Joaquín habla con madurez sobre lo que lo trajo hasta acá: “Tenía problemas con las adicciones. Pero entendí que el cambio empieza por uno. Yo dejé todo allá -familia, trabajo, amigos- para buscar una nueva vida. Y ahora ayudo a otros chicos. Como soy joven, muchos se sienten identificados. Les cuento lo que viví y trato de que no bajen los brazos”.
A futuro, sueña con volver a su provincia ya siendo “otra persona”. Mientras tanto, colabora en el refugio y comparte su experiencia con quienes llegan recién. “Lo más difícil de la calle es sentirte solo. Te discriminan, te ven mal. Pero también hay gente buena. Yo quiero que los que están afuera sepan que se puede cambiar, que no pierdan la esperanza”.
Maxi, tucumano de 36 años, fue cocinero en varios bares conocidos de la ciudad. “Trabajé en La Morocha, El Crack, Raster. Pero la temporada bajó, me recortaron. No pude seguir pagando la pensión y terminé en la calle”. Estuvo unos días durmiendo en plazas. “Me robaron todo, el celular, la billetera… Dormir en la calle es muy duro”.
Hace 15 días ingresó al refugio. Hoy, como colaborador, ayuda a mantener el lugar: “Limpiamos cuartos, baños, asistimos a los que llegan. Anoche, por ejemplo, vino un hombre mayor. Lo bañamos, le dimos ropa limpia. Hoy no se quiere ir”.
Maxi tiene claro su objetivo: “No quiero quedarme mucho. Estoy anotado en la Dirección de Empleo, quiero volver a trabajar. Pero mientras tanto, este lugar me dio dignidad. Y amigos. Con los otros colaboradores nos apoyamos, nos cuidamos”.

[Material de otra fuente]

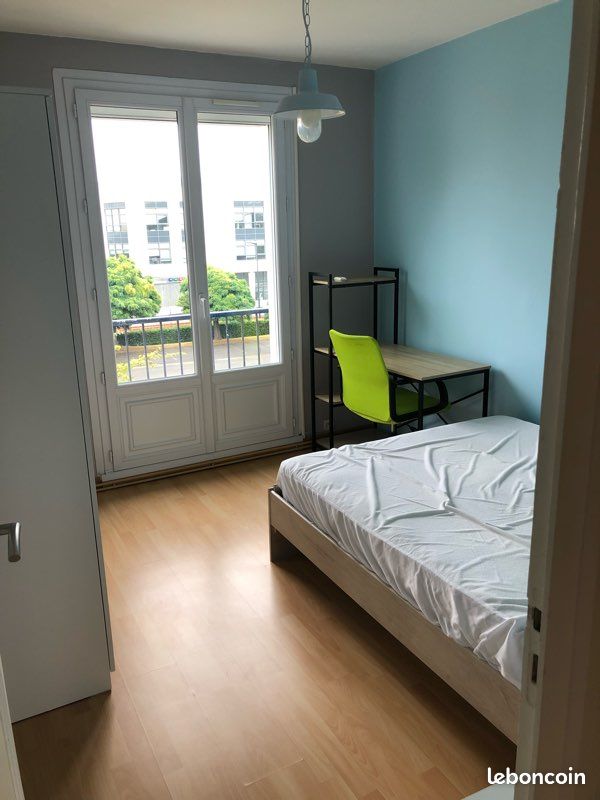 Appartement 4 pièces 68 m² · à Angers · 68 m² · 450 €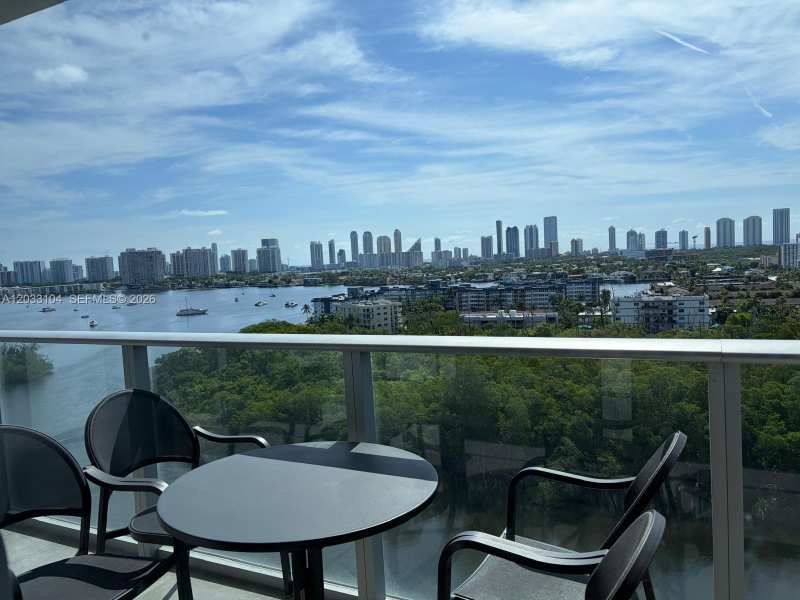 16385 Biscayne Blvd # 1417, North Miami Beach FL 33160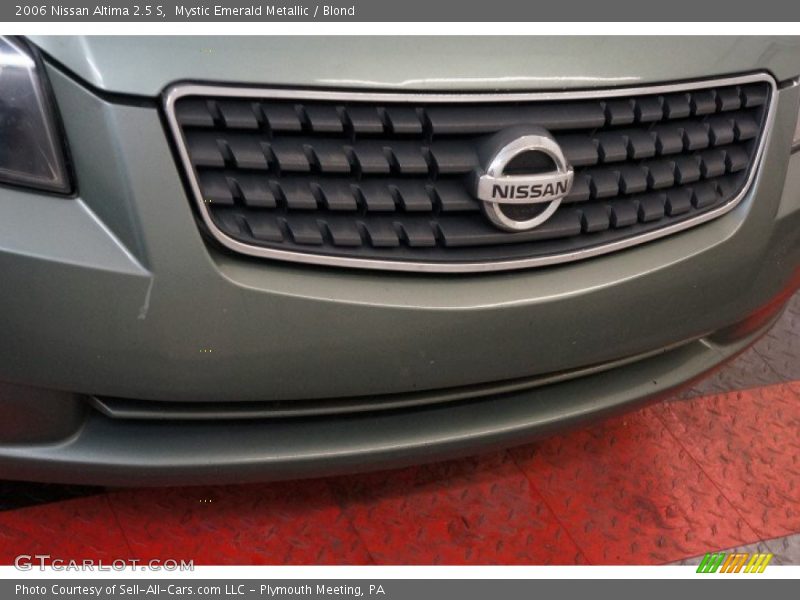 Mystic Emerald Metallic / Blond 2006 Nissan Altima 2.5 S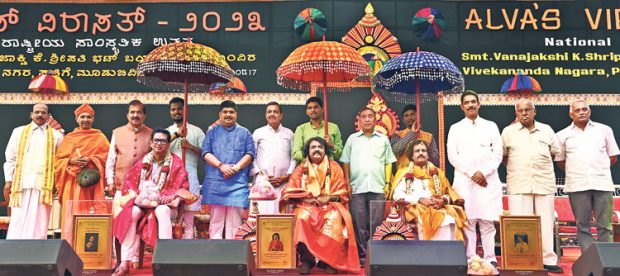 Moodabidri ಆಳ್ವಾಸ್‌ ವಿರಾಸತ್‌-2023 ಪ್ರಶಸ್ತಿ ಪ್ರದಾನ
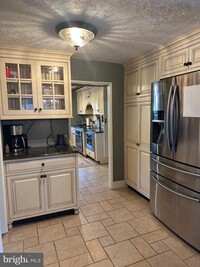 Building Photo - 553 Worthington Rd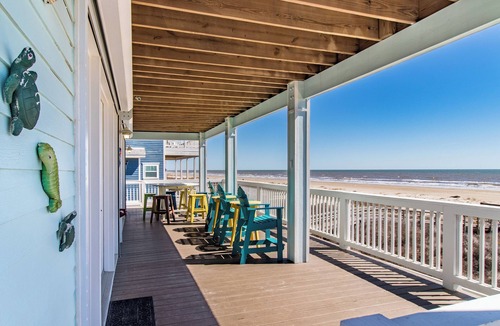 Stavanger Beach Condo | Enchanted Beachfront by Ryson Vacation Rentals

José María, de 34 años, vivió ocho años en situación de calle. “Dormía en la puerta de un consultorio, cuidaba autos en la feria del Parque Avellaneda. Estuve paralítico por consumir cocaína. Me recuperé gracias a Dios. Volver a caminar fue un milagro”.
Llegó al refugio hace dos semanas y hoy también colabora activamente. “Me costaba aceptar ayuda. No me dejaba ayudar por nadie. Pero acá encontré apoyo. Gustavo, el encargado, nos hace sentir que valemos. Hay reglas, pero son para bien. La limpieza, el orden, te van armando por dentro también”.
Sobre su experiencia en la calle, no duda: “Es horrible. El frío, la soledad. Yo sé lo que es. Por eso les diría a los que están afuera que vengan. Que no le den la espalda a la posibilidad de estar mejor. Porque esto no es solo un techo: es una oportunidad”.